Registration for The Historic New Orleans Collection’s 22nd annual Williams Research Center Symposium is now open. The event, titled “Storyville and Jazz, 1917: An End and a Beginning,” will take place Saturday, Feb. 4 at the Hotel Monteleone, 214 Royal St. in the French Quarter.
The symposium is part of a series of programming dedicated to the early days of jazz and Storyville. At the symposium, local and nationally recognized scholars will examine the ways New Orleans’s infamous red-light district and jazz have shaped perceptions of New Orleans around the world. “The year 1917 marked the end of one era and a beginning for another,” said THNOC Director of Museum Programs John H. Lawrence. “The centennial of Storyville’s closing and the issuing of what is widely regarded as the first commercial jazz record gives us the chance to look at these two historical elements at a common moment in time.”

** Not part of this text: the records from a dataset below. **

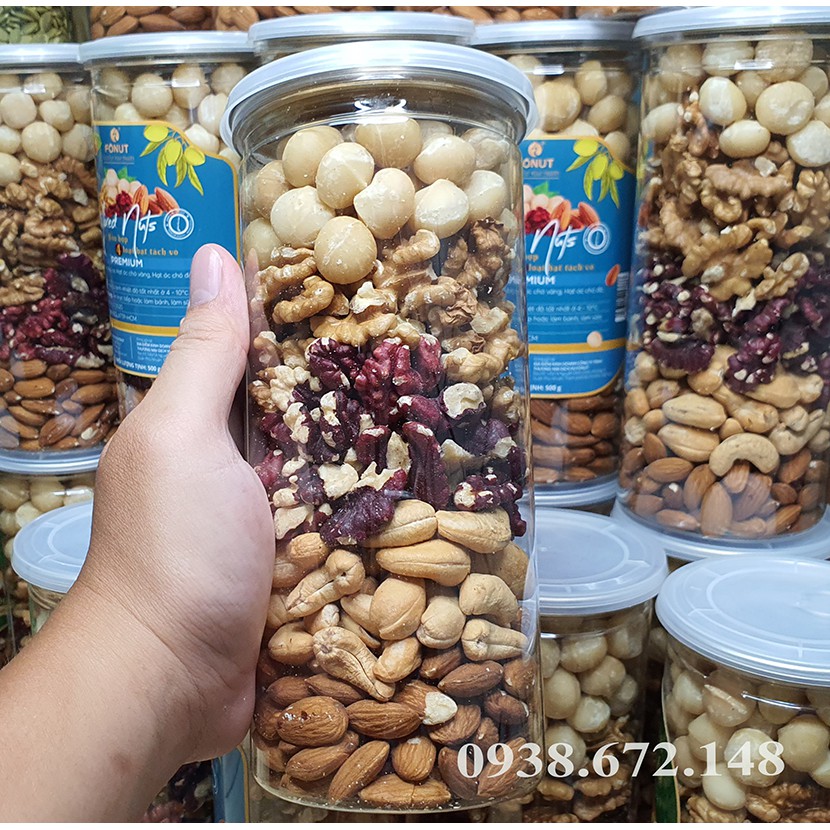 Hạt mix 5 loại hạt dinh dưỡng ( Hạt macca, quả óc chó vàng, quả óc chó đỏ, hạnh nhân, hạt điều )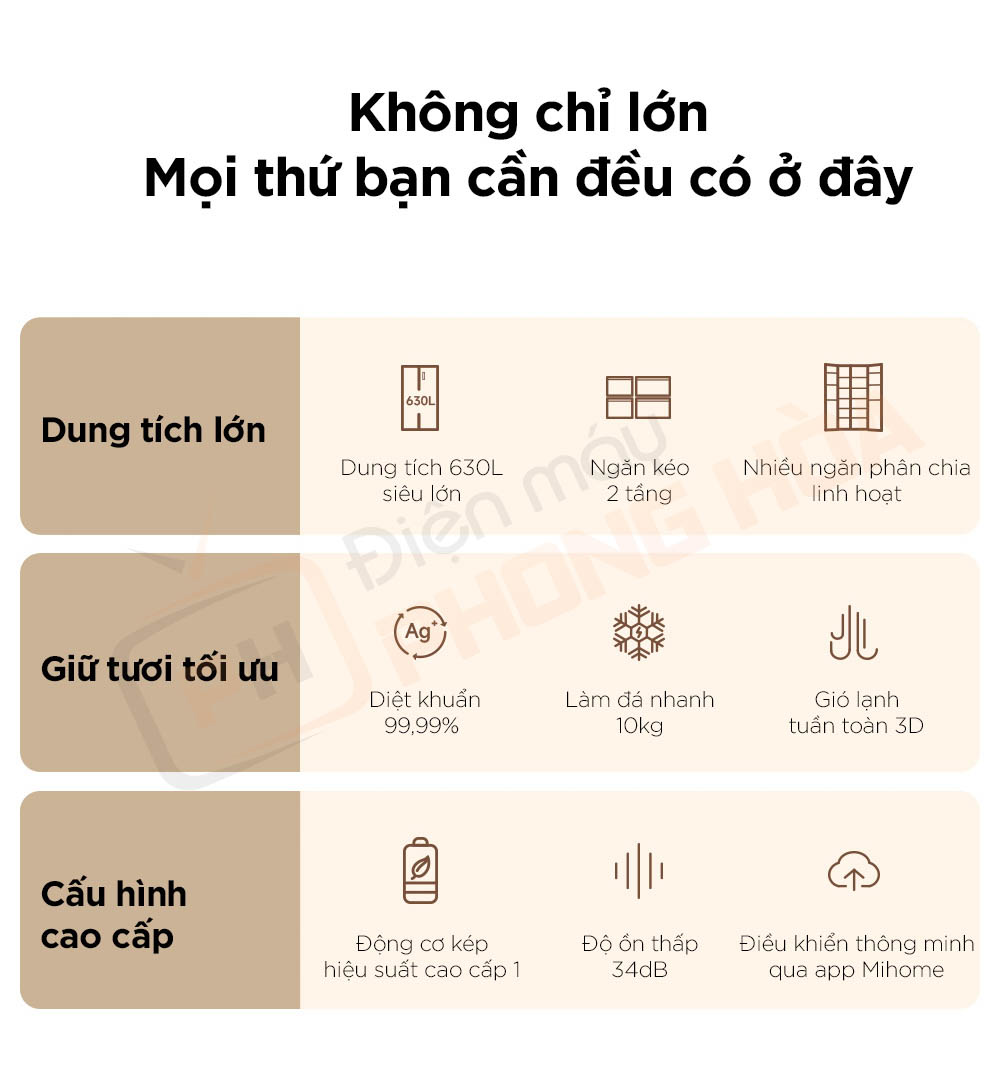 tu lanh 2 canh 630l 2 Tủ lạnh xiaomi mijia 630l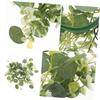 4pcs Faux Eucalyptus Candle Rings Wreaths Farmhouse Decor for Table Centerpiece Door Wall and Wedding Events Artificial Greenery Spring Accent for view 3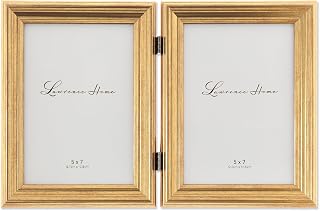 Lawrence Frames 5x7 Hinged Double Sutter Burnished Gold Picture Frame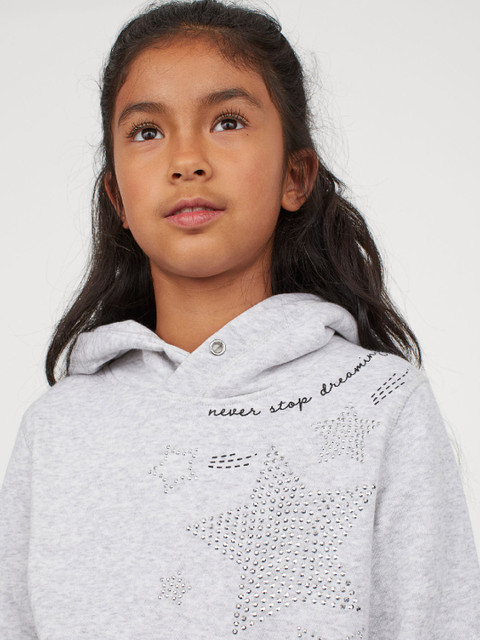 

H&M Girls Grey Printed Hoodie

With presentations exploring both historical perspectives and current scholarship, the symposium will be moderated by Bruce Boyd Raeburn, director of special collections and curator of the Hogan Jazz Archive and will feature the following speakers and topics: Alecia P. Long of Louisiana State University will explore whether New Orleans was the great southern Babylon. Jeff L. Rosenheim of the Metropolitan Museum of Art will discuss the photographs of E. J. Bellocq and Eugène Atget. David Sager of the Recorded Sound Research Center, Library of Congress, will discuss recording and appreciating jazz before and after 1917. Dr. Michael G. White, jazz musician, historian and Keller Endowed Chair in the Humanities, Xavier University, New Orleans, will share a personal perspective on a life in the authentic New Orleans jazz tradition. Ted Widmer of the John W. Kluge Center, Library of Congress, will discuss why the world needed jazz in 1917.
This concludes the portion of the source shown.